Other associate artists include Lisa Penny of Hey Reflect’o, furniture designer Robyn Wood, ceramicist Kate O’Callaghan and tattoo studio XO L’Avant.

Furniture by Peter Fong.

Illustrator and furniture designer Peter Fong has been at The Mill since its establishment in 2013.

Graduating with a visual communications degree at the UniSA, Peter went on to become a freelance illustrator using traditional tools of nibs and ink.

Peter’s portfolio includes wine labels and magazine illustrations and says Adelaide’s close-knit community means he’s rarely had to promote his brand to find work.

He recently pushed the pen to the side to pursue his love for woodwork and furniture design and is preparing to launch his first collection of custom furniture including tables and stools in the near future.

“I mainly use hand tools and try not to use many screws or nails, it’s all joinery,” Peter says.

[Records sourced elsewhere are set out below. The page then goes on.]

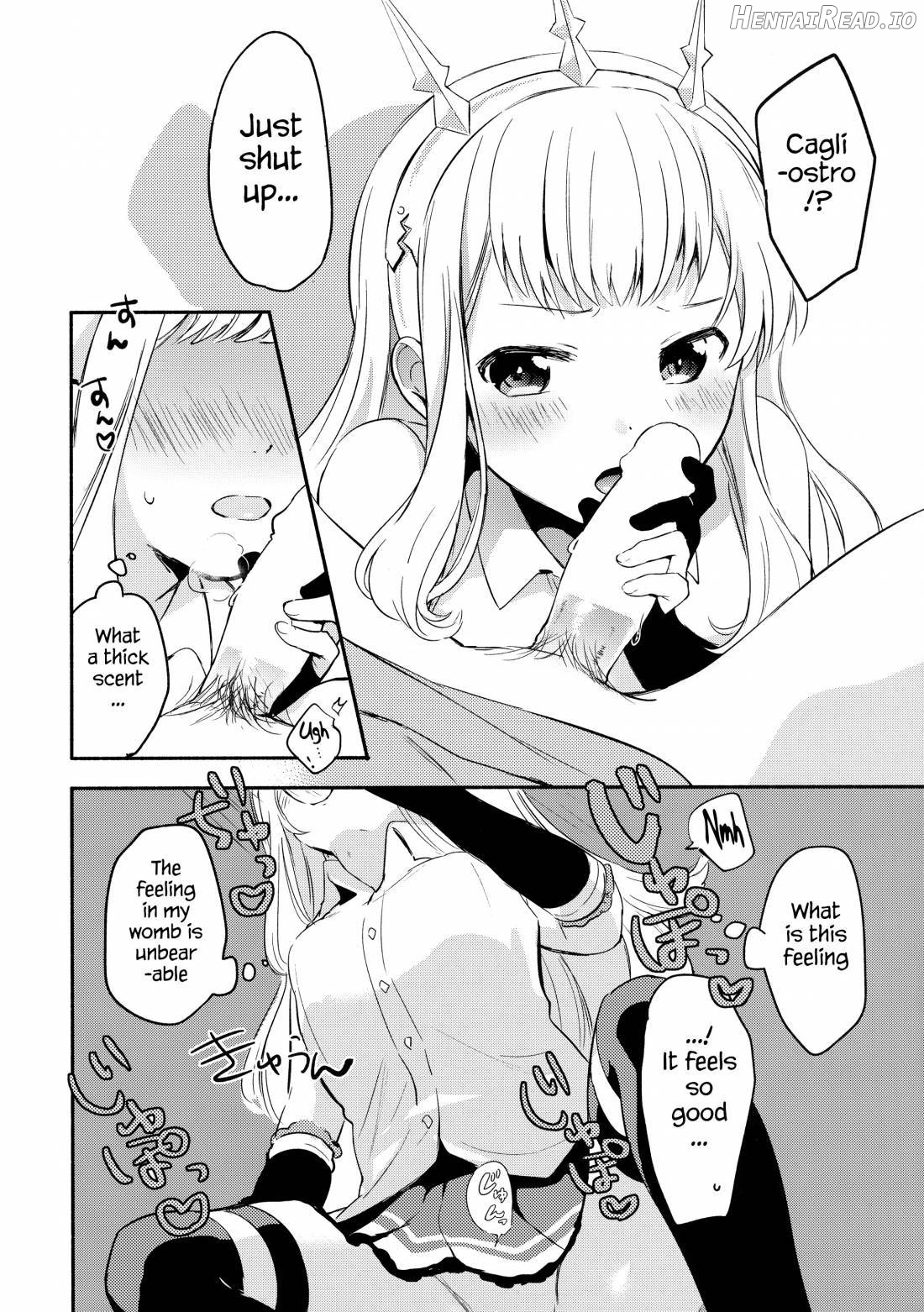 Cagliostro-chan wa Gran-kun no Koto ga Daisuki Chapter 1 - page 13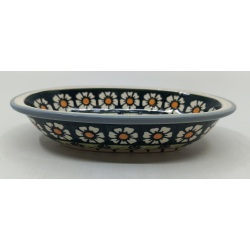 Pólmisek owaly z uchwytami mały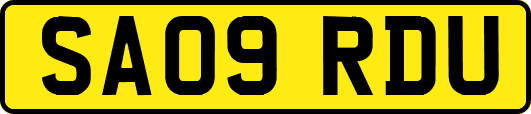 SA09RDU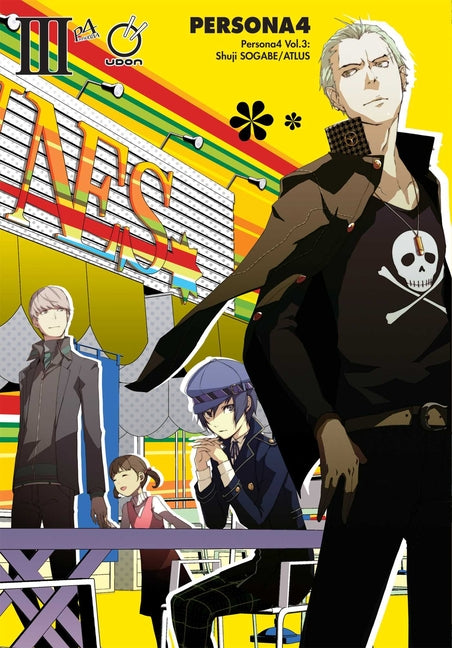 Persona 4, Volume 3 by Atlus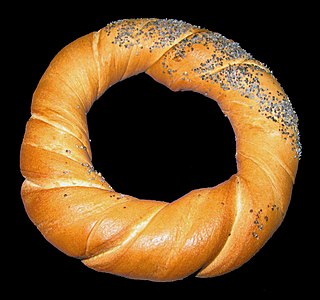 <span class="mw-page-title-main">Obwarzanek krakowski</span> Early ring-shaped bread product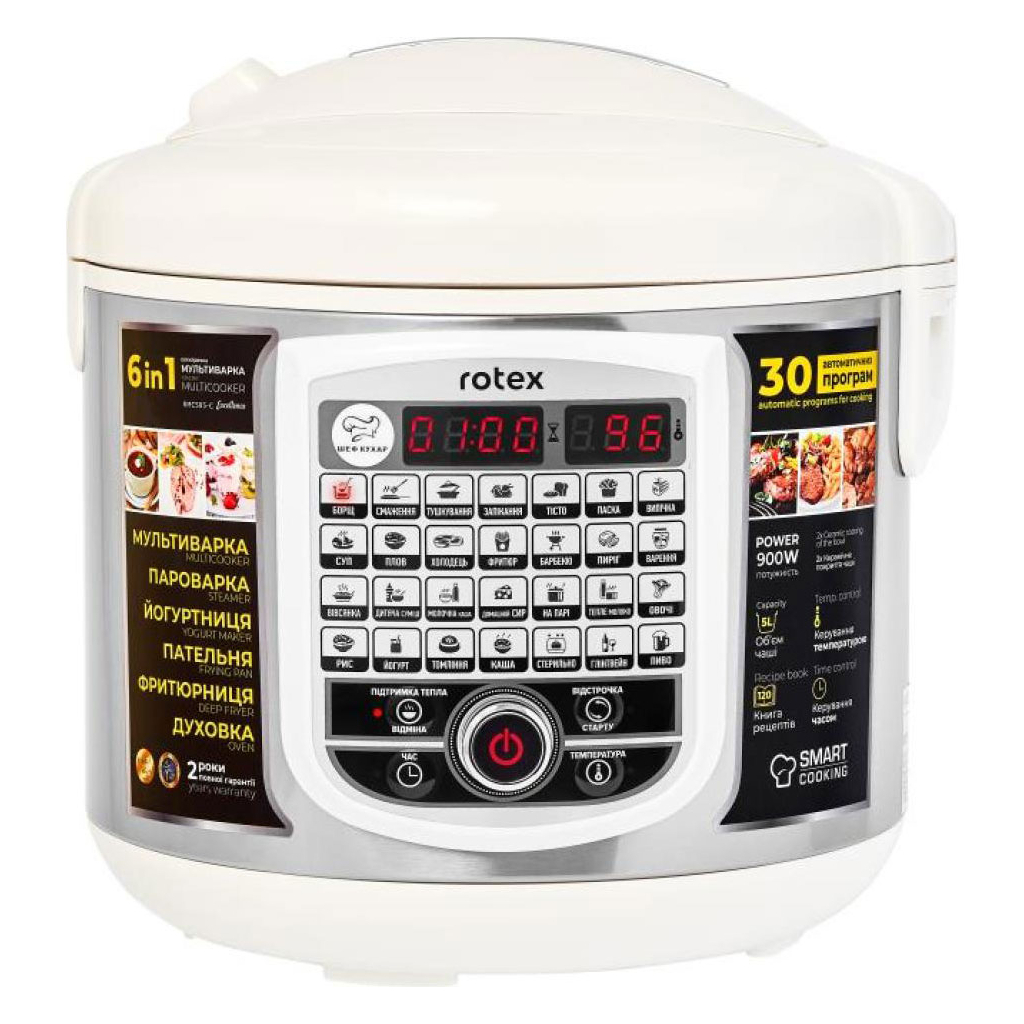 Мультиварка Rotex RMC505-C Excellence - зображення 1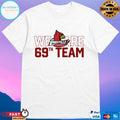 Louisville Cardinals We Are 69th Team T-shirt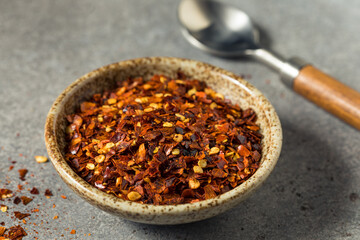 Organic Raw Red Pepper Flakes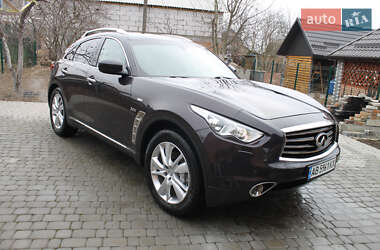 Позашляховик / Кросовер Infiniti QX70 2013 в Вінниці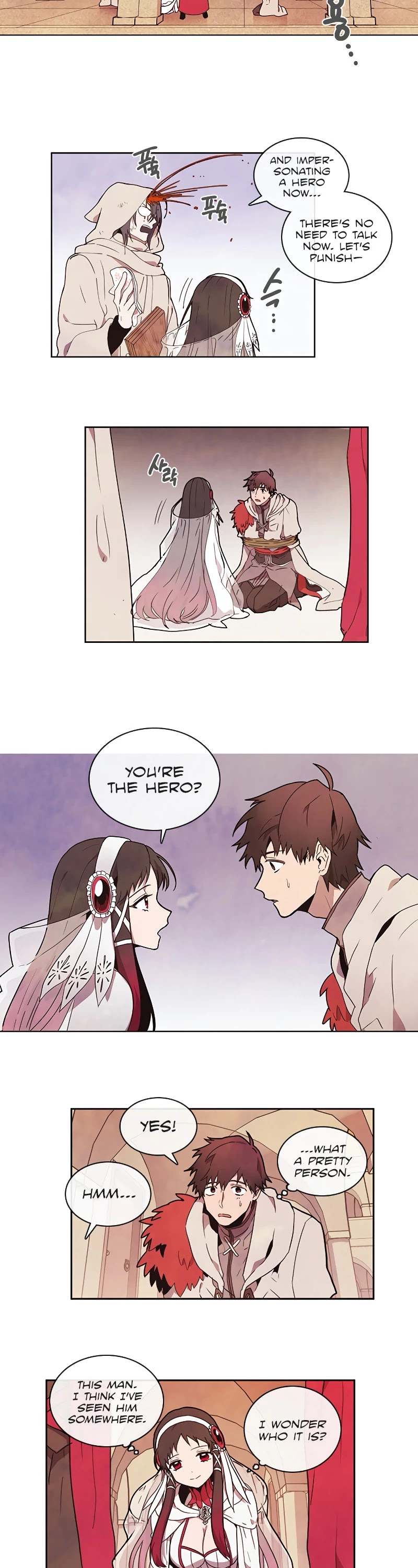 Miracle! Hero-nim Chapter 6 page 12 - Chapter 6: The end of the festival (2)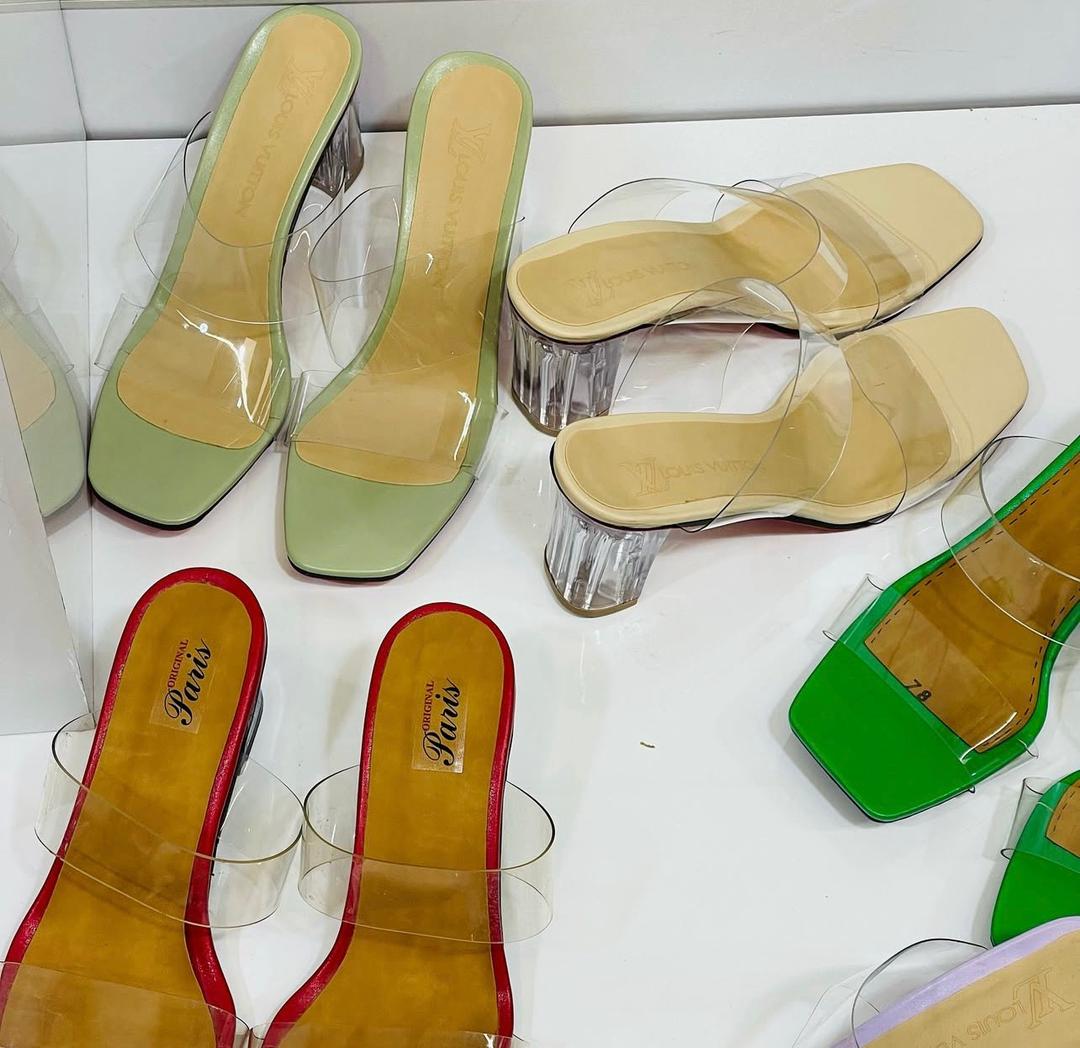 صندل پاشنه طلقی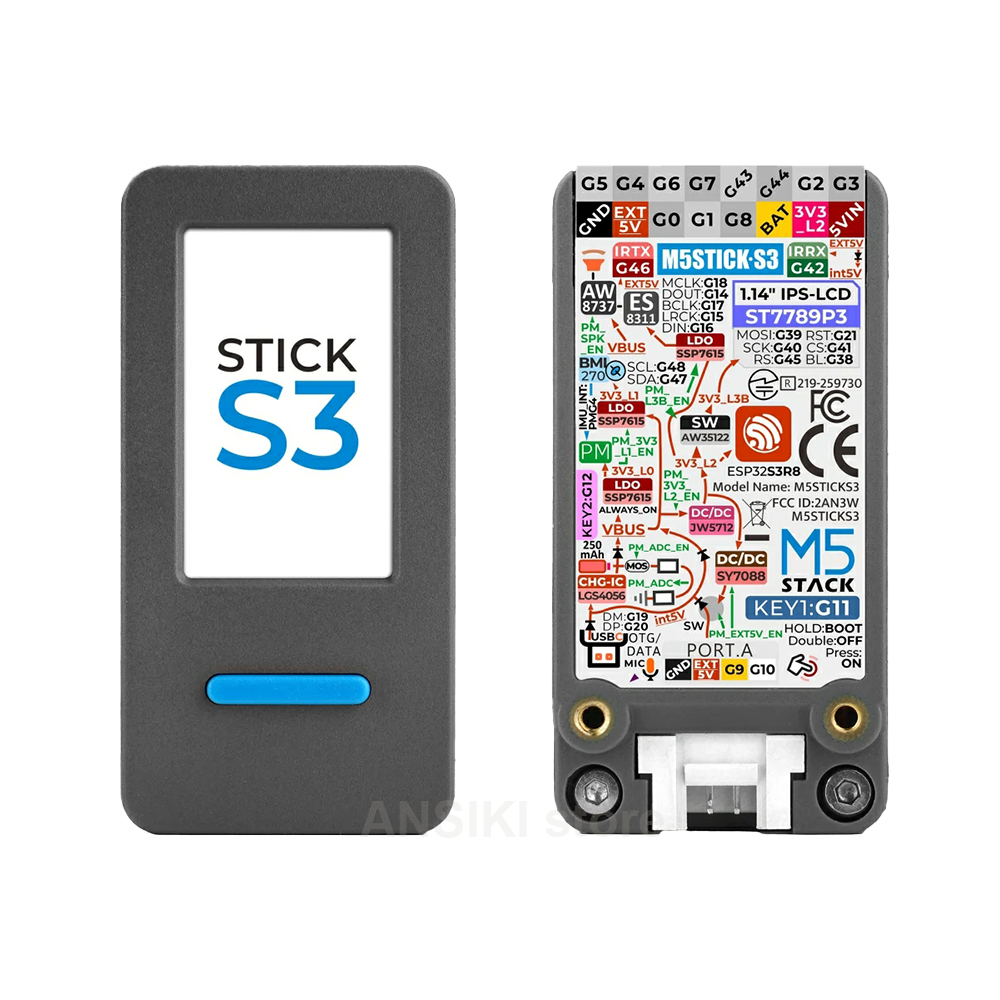 M5Stack M5StickS3 ESP32-S3 IoT - Smart Home Display ulasan dan harga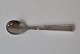 Champagne egg spoon in silver and steel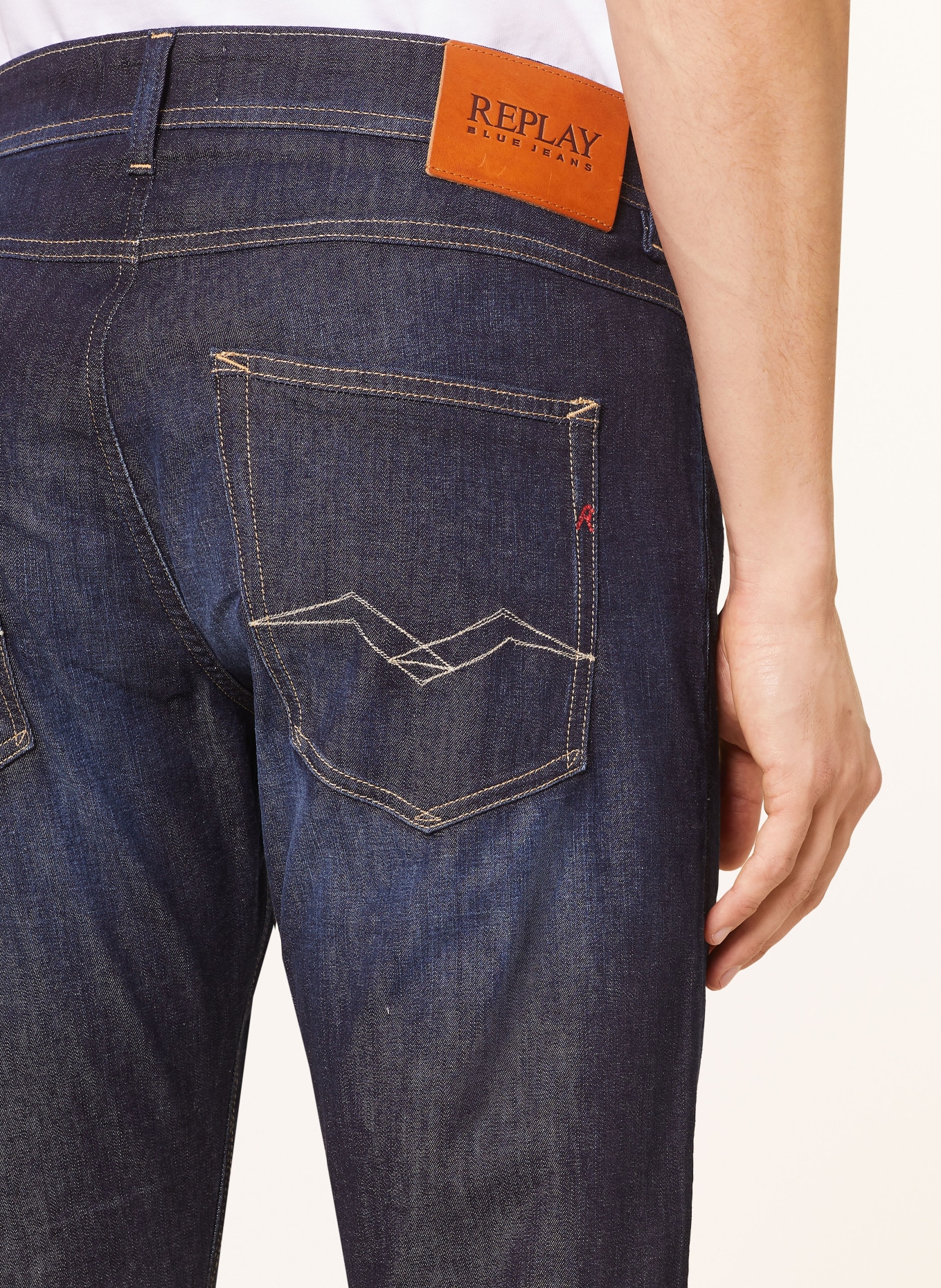 Replay blue jeans new arrivals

“I just love building things that last. It makes me happy seeing something down the road and saying ‘yep, it’s still there’.”

A sideboard by Peter Fong.

Industry in focus: Craft industries

Throughout the months of November and December, the state’s craft industries will be celebrated as part of I Choose SA.

South Australian craftspeople make up some of our most creative thinkers and makers of sustainable and innovative goods. Read more craft stories here.

Visit I Choose SA to meet the people building business and industry in SA, and to find out how your choices make a difference to our state.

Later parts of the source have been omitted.